Cierro los ojos y me parece saborear los momentos en los que éramos. ¿Que qué éramos? Tan solo una madre y una hija, pero éramos. Ahora no somos nada. Quizás un montón de problemas que ha engullido mi vida. Porque eso eres tú: mi vida. Y eso es lo que ha pasado: nos ha engullido. Debes de estar ahí dentro; debajo de esas ojeras ennegrecidas, de esos ojos descubiertos de pestañas, de esos labios resecos y agrietados, de esos dientes danzantes, de esos huesos débiles y prominentes, de esos pliegues de piel seca y arrugada, de esa delgadez extrema, de esos gestos, de esos suspiros, de esos dolores, de esos sueños fallidos.

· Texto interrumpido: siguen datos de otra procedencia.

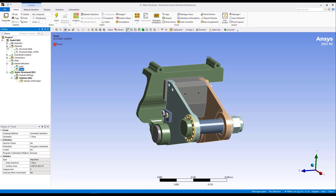That was all for this tutorial series, where we learned how to do geometry prep for a structural simulation in ANSYS Discovery and then transfer the model to ANSYS Workbench. Thank you for your time in viewing this tutorial series for ANSYS Discovery.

Envidio tu valentía, esa que utilizas para tumbarte y dejarte morir. Me pregunto si yo me moriré contigo. O si podré matarme una vez te mueras. Eso quisiera. Morirme en el mismo momento que tú lo hagas. Para no sufrir, para no pensar, para olvidar.
También me pregunto lo que la mayoría de las personas: ¿Cómo hemos llegado hasta aquí? ¿Cómo no lo hemos visto? ¿Cómo lo hemos consentido? ¿Cómo no lo hemos evitado? ¿Cómo no lo hemos superado? Me gustaría tener las respuestas. No las tengo. Ni las voy a tener.
Quisiera ser mágica, para enfrentarme a tus miedos y vencerlos en tu nombre. Para sufrir tu sufrimiento. Para cambiarme por ti. Para intentar vivir de nuevo y conseguir que seas feliz.
Elige, hija, y elige bien. Si vives… viviré por ti, si mueres… moriré sin ti.